As a consequence of the death of his father who had obtained a favorable decision from the Supreme Court in the Gamboa vs. Teves, et. al., case questioning foreign ownership in Philippine Long Distance Telephone Co., the younger Gamboa substituted himself in the case.
Any deviation from the decision would amount to a contempt of court, stated the petition, which named the Securities and Exchange Commission, SEC chair Teresita Herbosa and PLDT as respondents.
Gamboa asked the Supreme Court to direct the SEC to re-investigate PLDT and determine whether it has violated the Constitution in accordance with the ruling of the high court in the Gamboa cases.
The petition likewise asked the high tribunal to:
* direct the SEC to impose proper penalties against PLDT if it has violated the Constitution;
* declare that the PLDT Beneficial Trust Fund is not a Philippine national, and that any corporation in which it owns more than sixty percent 60 percent of the outstanding capital stock should also be declared as a foreign corporation; and,
* direct the SEC to conduct an investigation on all corporations in which PLDT Beneficial Trust Fund made an investment to determine whether those corporations and their subsidiaries violated the constitutional mandate enshrined in Section 11, Article XII and Section 11 Article XVI of the Constitution.

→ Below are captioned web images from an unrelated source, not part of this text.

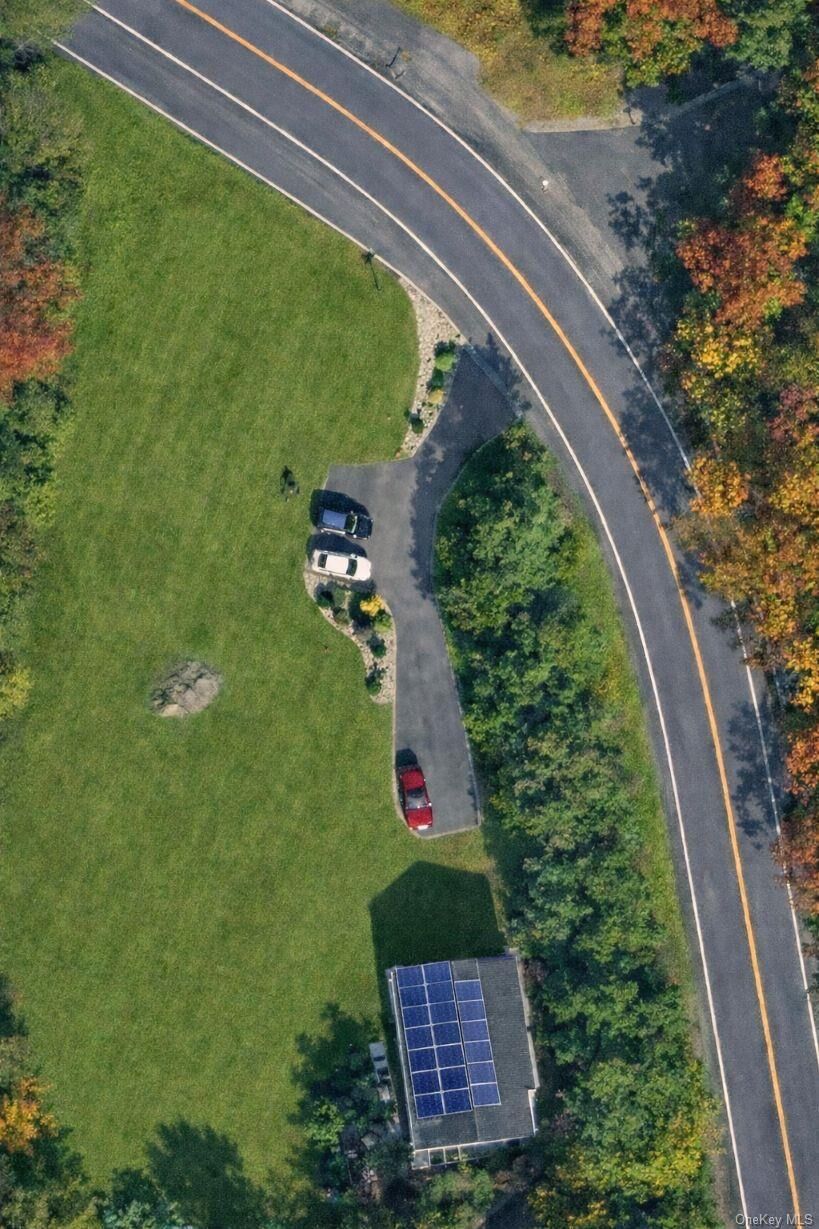 Property Photo:  15 Central Highway  NY 10956 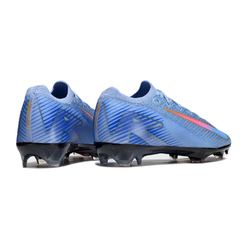 Chuteira Campo FG Nike Mercurial Vapor 16 Elite Azul Infantil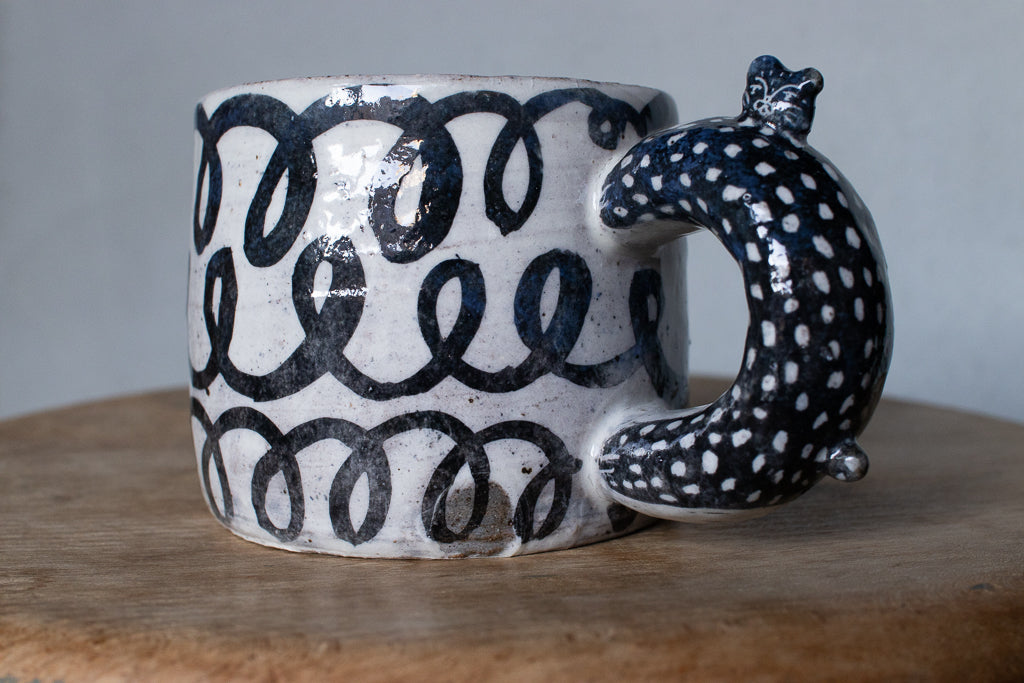 Ayaka Tabala / Cup ①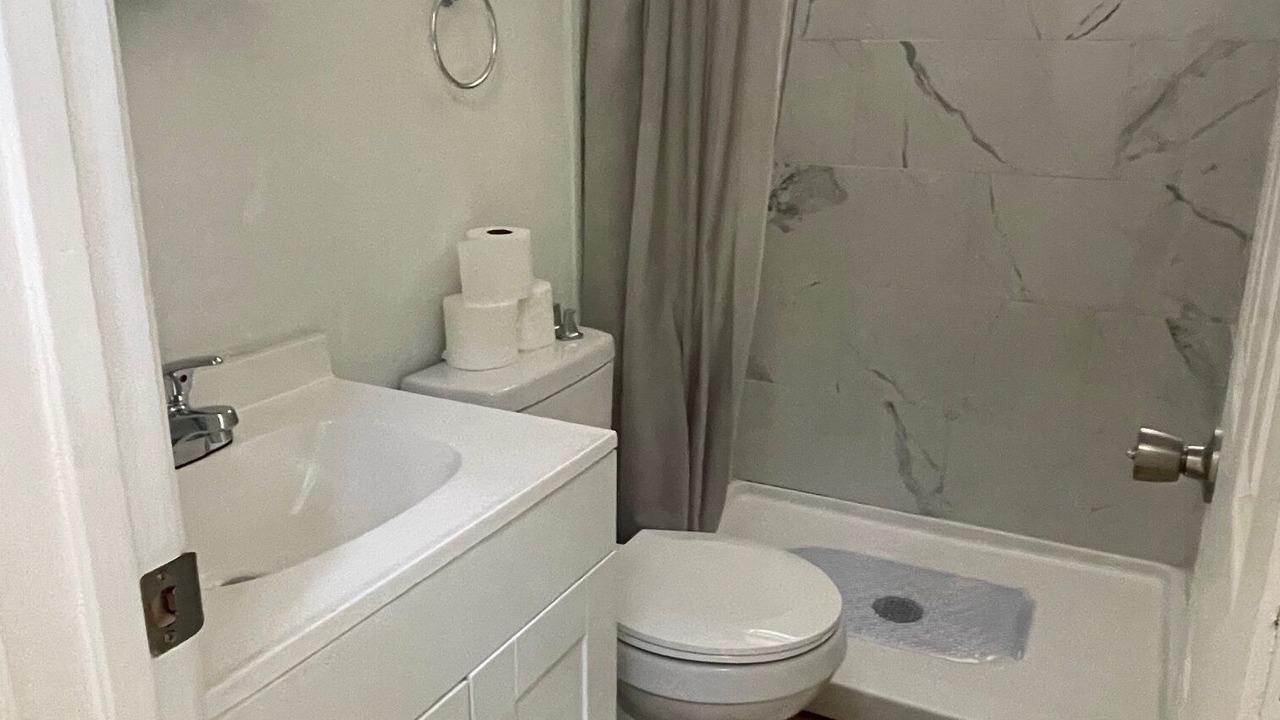 Photo of Bathroom in Klamath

Petitioners said they were entitled to join in this case based on the doctrine enunciated by the Supreme Court in the Gamboa case.
The petition said that as citizens of the Philippines and taxpayers, they “cannot idly stand while the SEC wastes government funds in implementing the erroneous guideline, noting that the interpretation by the SEC of the term “capital” is considered equally important since, even if erroneous, this SEC interpretation – left to stand – would be the basis used by all entities for testing compliance with the 60-40 foreign ownership rule.
Since a specific class of shares may have rights and privileges or restrictions different from the rest of the shares in a corporation, the petitioners said the 60-40 ownership requirement in favor of Filipino citizens in the Constitution must apply not only to shares without voting rights.
“Preferred shares, denied the right to vote in the election of directors, are anyway still entitled to vote on the eight specific corporate matters mentioned above. Thus, if a corporation, engaged in a partially nationalized industry, issues a mixture of common and preferred non-voting shares, at least 60 percent of the common shares and at least 60 percent of the preferred non-voting shares must be owned by Filipinos. Of course, if a corporation issues only a single class of shares, at least 60 percent of such shares must necessarily be owned by Filipinos. In short, the 60-40 ownership requirement in favor of Filipino citizens must apply separately to each class of shares, whether common, preferred non-voting, preferred voting or any other class of shares,” the petition said.
The petitioners argued that the SEC’s guidelines “practically encourages circumvention of the 60-40 ownership rule by allowing the creation of several classes of voting shares with different degrees of beneficial ownership over the same, but at the same time, not imposing a 40 percent limit on foreign ownership of the higher yielding stocks.”